El día 1 de enero, celebrábamos la solemnidad de Santa María Madre de Dios, iniciando así el año nuevo de la mano de la Virgen. A ella, la Virgen fiel, que hace posible el nacimiento del Señor, le pido para todos los fieles de la Archidiócesis que el año 2015 sea verdaderamente un año de gracia, un año de fidelidad y de mucha fecundidad espiritual. Con palabras de la primera lectura de la Eucaristía de dicha fiesta, os deseo a todos que en el nuevo año, "el Señor os bendiga y os proteja, ilumine su rostro sobre vosotros y os conceda su favor; [que] el Señor se fije en vosotros y os conceda la paz". El próximo martes celebraremos la solemnidad de la Epifanía del Señor. Epifanía significa manifestación de Dios. En la Historia de la Salvación, Dios se ha ido manifestando paulatinamente. Al principio, a través de signos materiales, la zarza, el arca, el templo… Después, por medio de los profetas. Con el nacimiento de Jesús, comienza la etapa definitiva de la manifestación plena de Dios a la humanidad. Desde entonces nos habla, se nos hace cercano y accesible no a través de intermediarios, sino por medio de su Hijo, igual a Él en esencia y dignidad, reflejo de su gloria e impronta de su ser. Él es su Verbo, el origen y causa de todo lo que existe, la vida y la luz verdadera que alumbra a todo hombre que viene a este mundo. Él es la Palabra eterna del Padre que en la Nochebuena se hace carne y planta su tienda entre nosotros.
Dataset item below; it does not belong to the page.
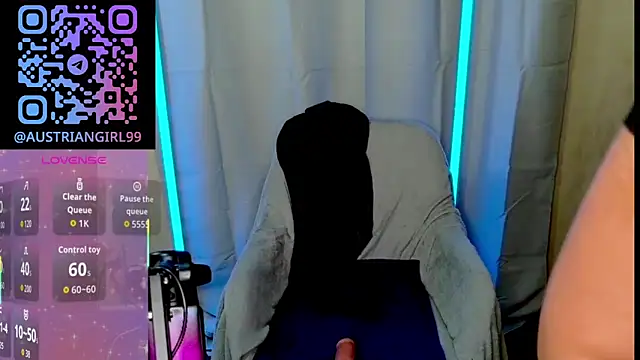 AustrianGirl99 online show from May 2, 6:57 pm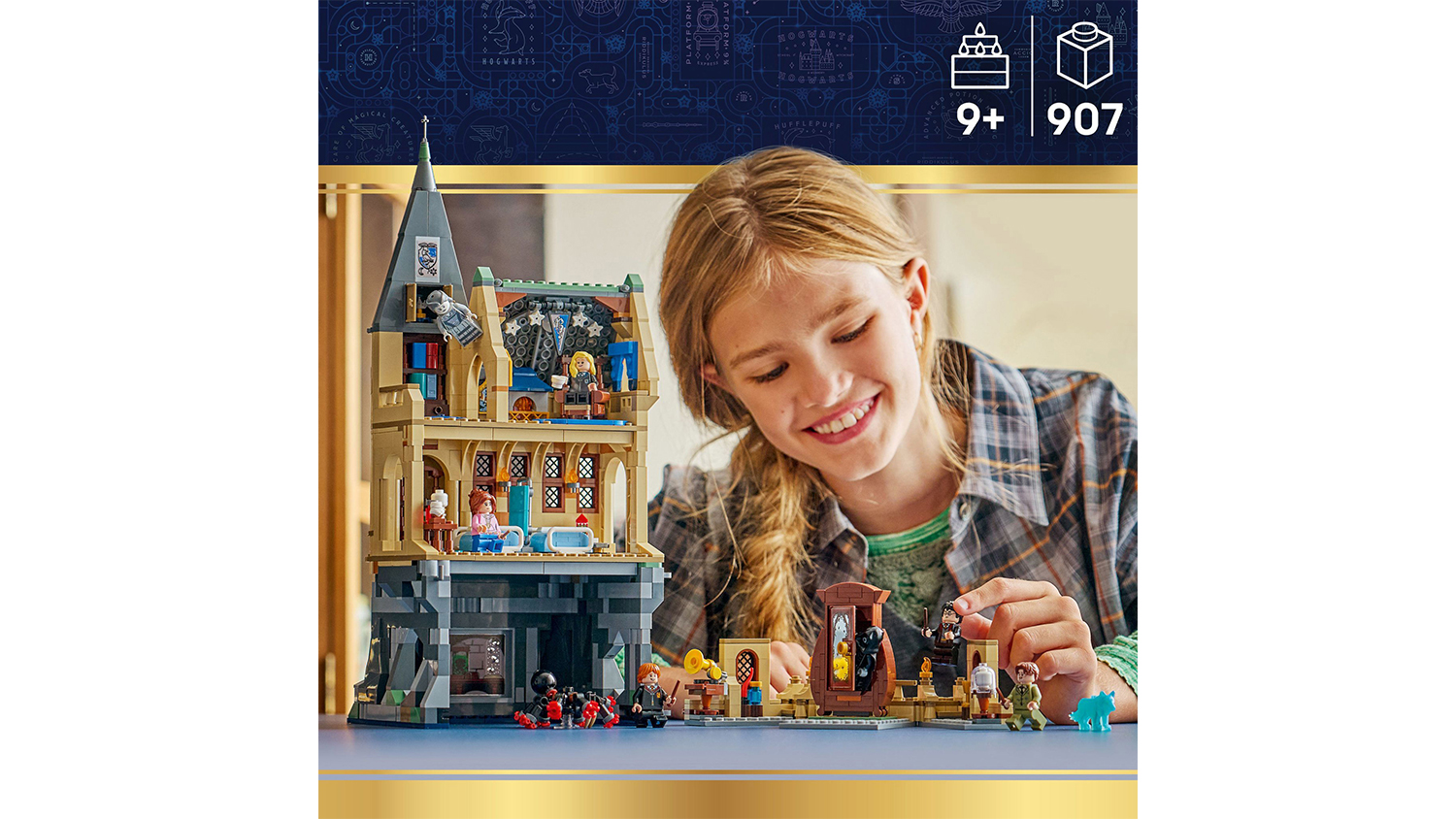 D&iacute;vka si hraje se stavebnic&iacute; LEGO&reg; Harry Potter&trade; 76463 Bradavick&yacute; hrad: Kř&iacute;dlo s o&scaron;etřovnou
A lo largo de estos días de Navidad nos hemos acercado con admiración y piedad infinitas a la cueva de Belén para contemplar al Niño en el pesebre. Y hemos comprobado que el Hijo eterno de Dios se ha hecho hombre verdadero, con nombre y apellidos, con una genealogía, con un lugar de nacimiento y con una familia tan sencilla como extraordinaria. El que no tenía carne, el que era todo simplicidad, el que era puro espíritu inmaterial, asume nuestra carne. Se despoja de su rango y toma la condición de esclavo pasando por uno de tantos. Deja el seno cálido del Padre y emprende el duro camino de los hombres. Se hace, como escribe San Juan de Ávila, romero y peregrino. Vive en la intemperie y el desierto. No pasa de puntillas junto a nosotros. Asume nuestra naturaleza con todas sus consecuencias, excepto el pecado, sin rehusar la debilidad y la fragilidad del ser humano. Sudará, sentirá el cansancio, la fatiga y la tristeza. Necesitará comer y descansar. Experimentará el dolor y la pobreza, hasta el punto de no tener donde reclinar su cabeza.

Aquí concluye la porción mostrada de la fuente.